Extracting data/FashionMNIST/raw/train-images-idx3-ubyte.gz to data/FashionMNIST/raw

Downloading http://fashion-mnist.s3-website.eu-central-1.amazonaws.com/train-labels-idx1-ubyte.gz
Downloading http://fashion-mnist.s3-website.eu-central-1.amazonaws.com/train-labels-idx1-ubyte.gz to data/FashionMNIST/raw/train-labels-idx1-ubyte.gz


100.0%


Extracting data/FashionMNIST/raw/train-labels-idx1-ubyte.gz to data/FashionMNIST/raw

Downloading http://fashion-mnist.s3-website.eu-central-1.amazonaws.com/t10k-images-idx3-ubyte.gz
Downloading http://fashion-mnist.s3-website.eu-central-1.amazonaws.com/t10k-images-idx3-ubyte.gz to data/FashionMNIST/raw/t10k-images-idx3-ubyte.gz


100.0%


Extracting data/FashionMNIST/raw/t10k-images-idx3-ubyte.gz to data/FashionMNIST/raw

Downloading http://fashion-mnist.s3-website.eu-central-1.amazonaws.com/t10k-labels-idx1-ubyte.gz
Downloading http://fashion-mnist.s3-website.eu-central-1.amazonaws.com/t10k-labels-idx1-ubyte.gz to data/FashionMNIST/raw/t10k-labels-idx1-ubyte.gz


100.0%

Extracting data/FashionMNIST/raw/t10k-labels-idx1-ubyte.gz to data/FashionMNIST/raw






In [13]:
# DataLoader wraps an iterable over our dataset, and supports automatic 
# batching, sampling, shuffling and multiprocess data loading
batch_size = 64
train_dataloader = DataLoader(training_data, batch_size=batch_size)
test_dataloader = DataLoader(test_data, batch_size=batch_size)

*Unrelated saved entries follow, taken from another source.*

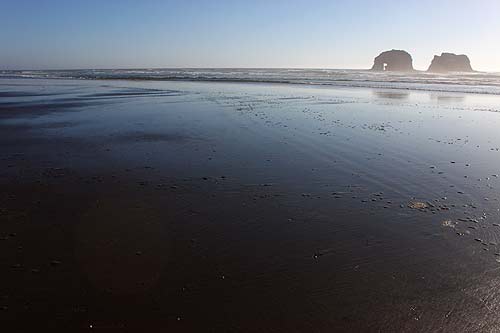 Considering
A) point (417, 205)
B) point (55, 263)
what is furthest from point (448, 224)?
point (55, 263)

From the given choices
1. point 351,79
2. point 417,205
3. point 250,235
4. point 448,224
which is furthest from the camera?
point 351,79

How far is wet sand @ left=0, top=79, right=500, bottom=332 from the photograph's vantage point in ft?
13.8

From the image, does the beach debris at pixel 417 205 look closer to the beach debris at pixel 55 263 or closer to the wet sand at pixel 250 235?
the wet sand at pixel 250 235

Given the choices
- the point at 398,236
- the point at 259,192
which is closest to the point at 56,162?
the point at 259,192

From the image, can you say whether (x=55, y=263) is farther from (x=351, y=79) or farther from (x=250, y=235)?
(x=351, y=79)

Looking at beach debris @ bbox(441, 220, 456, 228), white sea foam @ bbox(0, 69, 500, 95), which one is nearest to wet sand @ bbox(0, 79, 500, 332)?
beach debris @ bbox(441, 220, 456, 228)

for X, y in test_dataloader:
    # N: Batch size, C: Channels, H: Height, W: Width
    print(f'Size of X[N,C,H,W]: {X.shape}, type: {X.dtype}')
    print(f'Size of y: {y.shape}, type: {y.dtype}')
    break

Size of X[N,C,H,W]: torch.Size([64, 1, 28, 28]), type: torch.float32
Size of y: torch.Size([64]), type: torch.int64


In [14]:
print(f'{mps_device}')

mps


In [33]:
class NeuralNetwork(nn.Module):
    def __init__(self):
        super().__init__()
        self.flatten = nn.Flatten()
        self.linear_relu_stack = nn.Sequential(
            nn.Linear(28*28, 512),
            nn.ReLU(),
            nn.Dropout(p=0.3),
            nn.Linear(512, 512),
            nn.ReLU(),
            nn.Linear(512, 10))
        
    def forward(self, x):
        x = self.flatten(x)
        logits = self.linear_relu_stack(x)
        return logits

model = NeuralNetwork().to(mps_device)
print(model)

NeuralNetwork(
  (flatten): Flatten(start_dim=1, end_dim=-1)
  (linear_relu_stack): Sequential(
    (0): Linear(in_features=784, out_features=512, bias=True)
    (1): ReLU()
    (2): Dropout(p=0.3, inplace=False)
    (3): Linear(in_features=512, out_features=512, bias=True)
    (4): ReLU()
    (5): Linear(in_features=512, out_features=10, bias=True)
  )
)


In [34]:
loss_fn = nn.CrossEntropyLoss()
optimizer = torch.optim.Adam(model.parameters(), lr=0.001)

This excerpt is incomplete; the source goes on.